> **What you will do**
Would you print exactly the lines that begin the listing and continue through the line holding "MasterChef: Η Έκπληξη"? No pictures, please.

> **Source material**

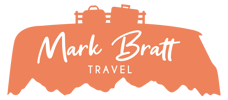 Mark Bratt Travel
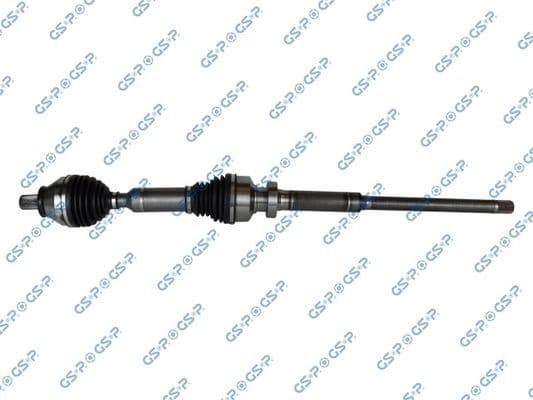 Drive Shaft 201383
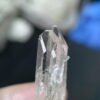 Lemurian Quartz • Tantric Twin, DT, Bridge (Colombia) 11.74g - COLM49 Time Link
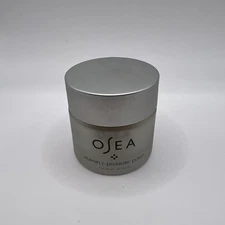 Osea Vitamin C Probiotic Polish 2 ounce Exfoliant vegan gluten & cruelty free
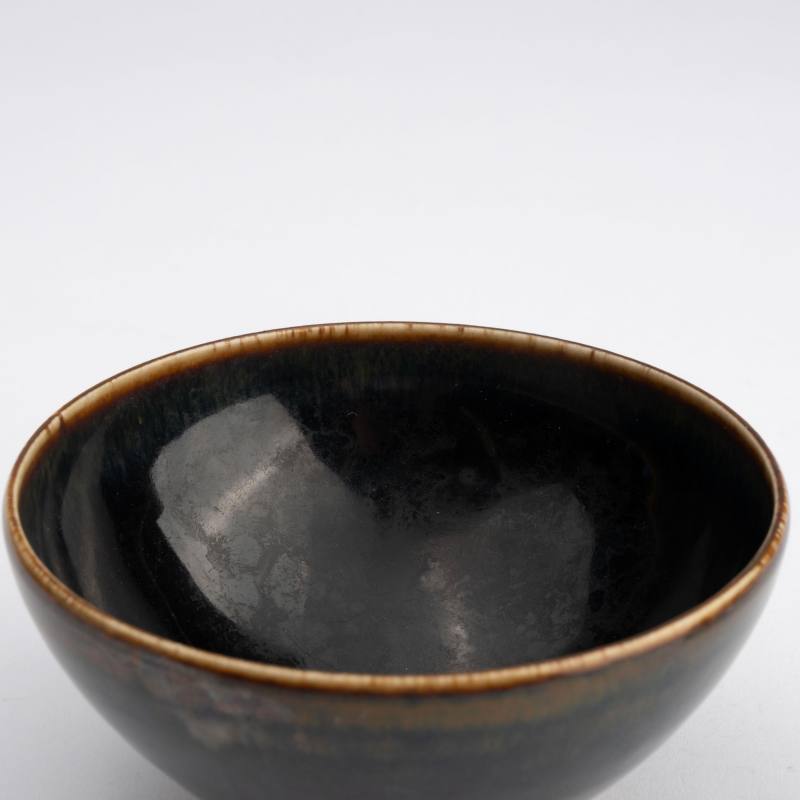    宋 吉州窯茶盞 - 图6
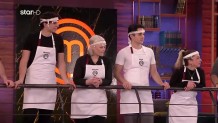 MasterChef: Η Έκπληξη Των Παικτών Στους Κριτές!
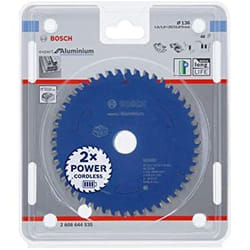 Bosch ‎2608644535 lame de scie circulaire 13,6 cm 1 pièce(s)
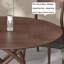 Ensemble de table de salle à manger tout en bois massif-109469855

> **Your solution**
 Mark Bratt Travel
 Drive Shaft 201383
 Lemurian Quartz • Tantric Twin, DT, Bridge (Colombia) 11.74g - COLM49 Time Link
 Osea Vitamin C Probiotic Polish 2 ounce Exfoliant vegan gluten & cruelty free
    宋 吉州窯茶盞 - 图6
 MasterChef: Η Έκπληξη Των Παικτών Στους Κριτές!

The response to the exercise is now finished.